Eu ando com medo da saudade.


E das coisas que ela leva. Da ineficiência em gravar.


A falta da entonação de voz. De não conseguir reviver a sensação da mão passando pelo rosto. E não lembrar imagens de cenas que se repetiram tantas e tantas vezes. O olhar e a respiração tranquila antes de dormir. A empolgação quando tocava aquela mesma música. O primeiro sorriso da manhã, que era o maior.


Eu juro que já tentei gravar. Que durante um banho de chuveiro, me abaixei na altura dele e olhei para cada detalhe. Segurei o rosto, notando cada voltinha, cada curva e as expressões enquanto a água escorria. Ali eu prometi que ficaria guardado.


Mas a saudade é tão humana que é falha.


Eu ando com medo da saudade e a vontade que dá de voltar.


Até de antes. Dos vinte. E do cheiro de verão. Porque cheiro de verão é casa de lembranças. E nos teletransporta para uma liberdade que não mais existe. Uma sensação de ser leve por dentro e de ter que se esforçar para a responsabilidade pesar. Até que um dia a vida inverte. E não mais desfaz.

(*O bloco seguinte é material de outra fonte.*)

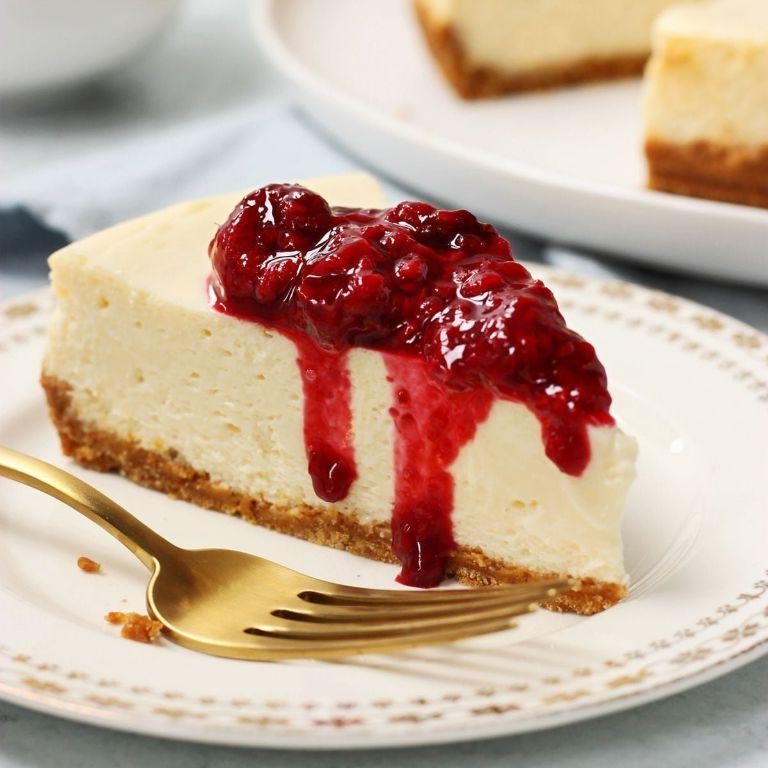 Knafeh Cheesecake with Raspberry Coulis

Eu ando com medo da saudade e do que ela escancara.


As prioridades trocadas, a desimportância da grande maioria das coisas, as horas gastas com preocupações que pararam no “pré” porque nunca se concretizaram.


Eu ando com medo da saudade e do que ela dirá do agora.


Das decisões do hoje. Sobre o tempo, sobre as picuinhas do mundo, da família, do cotidiano. Da energia gasta com besteira, encrenca, celular.


Eu ando com tanto medo da saudade que é físico. Eu sinto a angústia aqui, em mim, cada vez que percorro pela memória. Em cada olhar que cruzo com um filho muito maior do que a minha percepção de tempo considera possível.


Eu ando com medo da saudade porque ela mostra que quase tudo foi bem melhor do que acreditava ser.


E porque aprendi que, bom ou ruim, só o que ficou, só o que fica, é isso. São pedaços. E o desespero de juntá-los é o que a gente chama de saudade.